I’m So Glad to Know That None of Us Have Information Overload. Not!

I’ve meant to write about this article / “study” that popped up all over the internet in September. But I’ve been too busy and haven’t gotten around to it. Good thing that my reason for being busy isn’t the Information Overload that I’ve complained about to you in the past.

How do I know that it wasn’t Information Overload. Well, an academic study by an associate professor of communication Eszter Hargittai at Northwestern University told me so. And it’s a good thing that I’m not overloaded from seeing it on Social Media Today via a Google Plus post by +Keith Kmett. Or any of dozens of other places on the net. It was a trending meme for almost a week. (How long can I keep up this level of snark and sarcasm? Let’s ask Steve… Ah… Apparently the answer is “ever since I’ve met you”)

How do I complain about the study… Let me count the ways…

First off, it’s a survey of 77 total participants. Seriously? Seriously! And all were on vacation in Las Vegas.

Next, the question was only about how they felt about the amount of information in the broadest sense.
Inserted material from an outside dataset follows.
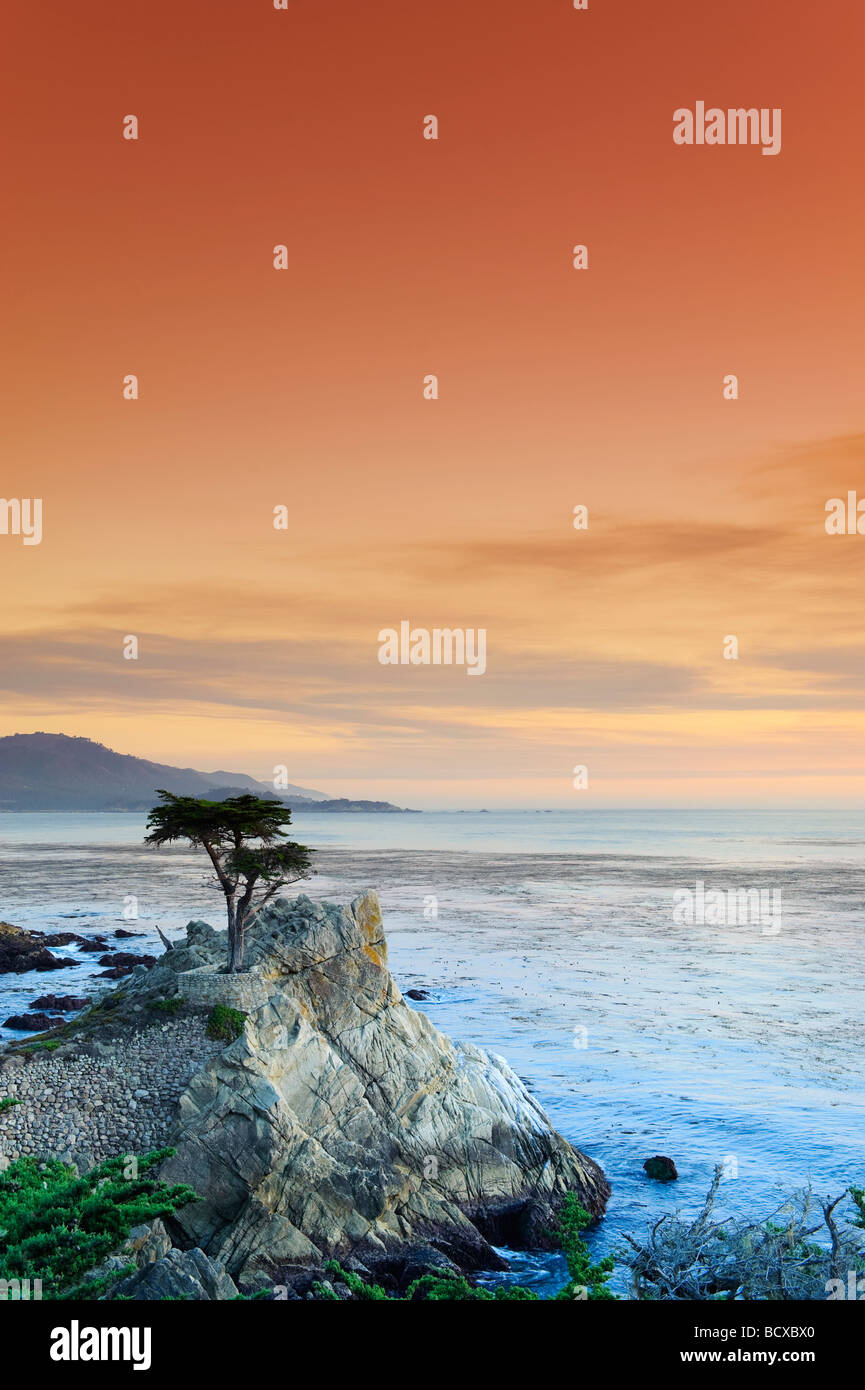 USA Kalifornien Monterey Halbinsel 17-Mile-Drive Lone Cypress Stockfoto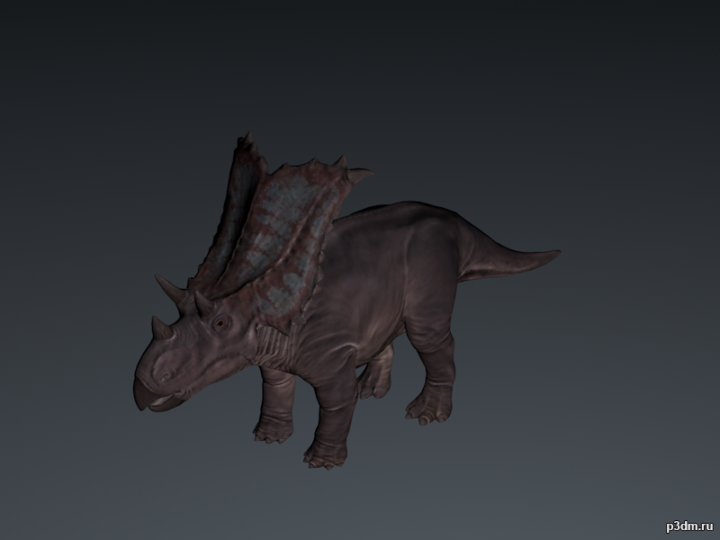 Chasmosaurus 3D Model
News and entertainment and gossip.

“There’s definitely some frustration with the quality of some of the information available,” said Hargittai. “But these frustrations were accompanied by enthusiasm and excitement on a more general level about overall media choices.”

Right there, that tells you several things about what’s going on. First it’s clear the authors are looking at media choices. Having lots of choices for places to find things isn’t what Information Overload is about. Not at all. Heck, it’s not even about having too many choices at one time. That’s The Paradox of Choice as presented by psychologist Barry Schwartz in his TED talk and his book.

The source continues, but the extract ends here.